Decriminalisation means the removal of criminal sanctions for illegal drug possession. Release sees decriminalisation as being especially important because it means that individuals do not end up with a criminal record.  Release argues that it is the criminal justice approach to drugs that has led to the greatest harms to individuals and to society: it has spawned generations of people isolated from mainstream society as a result of incarceration, issue avoidance, or the stigma attached to drug use.
 
Speaking to a map of the world, Eastwood highlighted the various approaches to decriminalisation in the 21 countries described in the report. She defined two main approaches to decriminalising drug use:
-    de jure, based on legislation that removes the criminal sanctions for possession, or based on a constitutional ruling that criminalising drug possession is contrary to the country’s constitution, or
-    de facto, where drug possession is a criminal offence on the statute book but the police and the prosecution do not enforce the law.
 
Eastwood gave examples of where decriminalisation of drug possession had had a positive impact on drug use prevalence and problematic drug use. However, she identified implementation issues to be aware of:
-    Fine-tuning the mechanism:  Any decriminalisation policy needs careful monitoring and adjustment.

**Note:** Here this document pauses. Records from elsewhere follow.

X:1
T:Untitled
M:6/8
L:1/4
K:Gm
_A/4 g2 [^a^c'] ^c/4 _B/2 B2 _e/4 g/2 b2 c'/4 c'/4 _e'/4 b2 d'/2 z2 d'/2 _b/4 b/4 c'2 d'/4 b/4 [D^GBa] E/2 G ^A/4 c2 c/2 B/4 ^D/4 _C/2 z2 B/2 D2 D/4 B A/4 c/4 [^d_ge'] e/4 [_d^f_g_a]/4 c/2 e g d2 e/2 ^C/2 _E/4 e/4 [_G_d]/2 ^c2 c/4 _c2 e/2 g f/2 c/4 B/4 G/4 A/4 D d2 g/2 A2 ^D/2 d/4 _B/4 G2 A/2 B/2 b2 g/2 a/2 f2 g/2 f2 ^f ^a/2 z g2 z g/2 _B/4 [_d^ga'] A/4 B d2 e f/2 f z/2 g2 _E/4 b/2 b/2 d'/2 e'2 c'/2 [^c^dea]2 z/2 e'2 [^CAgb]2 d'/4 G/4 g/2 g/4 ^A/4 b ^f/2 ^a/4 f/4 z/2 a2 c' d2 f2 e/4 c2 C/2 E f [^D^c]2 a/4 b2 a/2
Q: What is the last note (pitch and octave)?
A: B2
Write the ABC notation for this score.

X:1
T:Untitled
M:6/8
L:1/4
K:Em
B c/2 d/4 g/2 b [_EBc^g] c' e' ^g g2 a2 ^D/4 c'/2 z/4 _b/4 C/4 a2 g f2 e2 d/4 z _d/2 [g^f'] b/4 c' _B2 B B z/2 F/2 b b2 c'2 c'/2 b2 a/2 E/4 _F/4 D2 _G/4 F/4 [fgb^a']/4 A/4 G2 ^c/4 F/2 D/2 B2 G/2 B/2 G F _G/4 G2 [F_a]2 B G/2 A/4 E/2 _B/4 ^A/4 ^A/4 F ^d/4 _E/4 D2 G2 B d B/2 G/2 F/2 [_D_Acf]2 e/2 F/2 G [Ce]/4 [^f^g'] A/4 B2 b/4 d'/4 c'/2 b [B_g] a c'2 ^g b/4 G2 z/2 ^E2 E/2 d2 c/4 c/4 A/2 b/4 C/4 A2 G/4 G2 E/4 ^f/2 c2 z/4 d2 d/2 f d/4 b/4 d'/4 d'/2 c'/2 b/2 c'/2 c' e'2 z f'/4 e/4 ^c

For example, in South Australia, ‘net widening’ was found to occur: because the fine for drug possession had been set too high and a payment plan had not been put in place, many people ended up in prison for non-payment of the fine. The authorities adjusted the system, reducing the level of the fines and allowing for payment in instalments.
-    Politicians may be part of the problem: Owing to a combination of hypocrisy, by being tough on drug users while also admitting to having used drugs in the past, and stupidity, through failing to listen to the debate or admit the need for review, politicians may delay the process of devising more effective drug policies.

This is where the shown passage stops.